▼

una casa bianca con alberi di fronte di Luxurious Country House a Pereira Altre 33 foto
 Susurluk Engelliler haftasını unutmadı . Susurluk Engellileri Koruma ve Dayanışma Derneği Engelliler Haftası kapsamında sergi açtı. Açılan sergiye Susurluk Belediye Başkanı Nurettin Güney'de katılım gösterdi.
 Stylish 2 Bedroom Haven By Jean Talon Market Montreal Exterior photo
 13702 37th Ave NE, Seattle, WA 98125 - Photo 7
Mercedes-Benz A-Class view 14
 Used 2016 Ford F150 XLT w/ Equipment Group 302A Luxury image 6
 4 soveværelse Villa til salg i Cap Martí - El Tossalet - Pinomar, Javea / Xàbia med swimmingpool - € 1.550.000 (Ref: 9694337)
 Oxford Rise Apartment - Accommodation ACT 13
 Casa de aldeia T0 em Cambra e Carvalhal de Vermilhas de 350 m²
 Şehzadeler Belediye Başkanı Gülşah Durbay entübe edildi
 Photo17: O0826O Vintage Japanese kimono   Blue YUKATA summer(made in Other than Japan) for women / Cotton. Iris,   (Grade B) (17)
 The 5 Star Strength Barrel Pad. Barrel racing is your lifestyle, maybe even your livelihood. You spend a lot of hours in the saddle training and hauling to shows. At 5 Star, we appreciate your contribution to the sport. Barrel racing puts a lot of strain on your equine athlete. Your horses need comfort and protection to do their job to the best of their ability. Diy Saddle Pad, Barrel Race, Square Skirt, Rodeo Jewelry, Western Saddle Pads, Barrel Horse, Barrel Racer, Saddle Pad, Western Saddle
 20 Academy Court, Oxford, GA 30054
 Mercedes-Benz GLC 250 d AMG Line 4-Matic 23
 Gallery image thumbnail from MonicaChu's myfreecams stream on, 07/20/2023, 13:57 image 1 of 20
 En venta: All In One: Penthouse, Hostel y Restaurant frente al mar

▲

**Your assignment**
Copy nothing beyond the line containing "Photo17: O0826O Vintage". Transcribe exactly from the first line of the entries down to that line, inclusive.

**Answer section**
una casa bianca con alberi di fronte di Luxurious Country House a Pereira Altre 33 foto
 Susurluk Engelliler haftasını unutmadı . Susurluk Engellileri Koruma ve Dayanışma Derneği Engelliler Haftası kapsamında sergi açtı. Açılan sergiye Susurluk Belediye Başkanı Nurettin Güney'de katılım gösterdi.
 Stylish 2 Bedroom Haven By Jean Talon Market Montreal Exterior photo
 13702 37th Ave NE, Seattle, WA 98125 - Photo 7
Mercedes-Benz A-Class view 14
 Used 2016 Ford F150 XLT w/ Equipment Group 302A Luxury image 6
 4 soveværelse Villa til salg i Cap Martí - El Tossalet - Pinomar, Javea / Xàbia med swimmingpool - € 1.550.000 (Ref: 9694337)
 Oxford Rise Apartment - Accommodation ACT 13
 Casa de aldeia T0 em Cambra e Carvalhal de Vermilhas de 350 m²
 Şehzadeler Belediye Başkanı Gülşah Durbay entübe edildi
 Photo17: O0826O Vintage Japanese kimono   Blue YUKATA summer(made in Other than Japan) for women / Cotton. Iris,   (Grade B) (17)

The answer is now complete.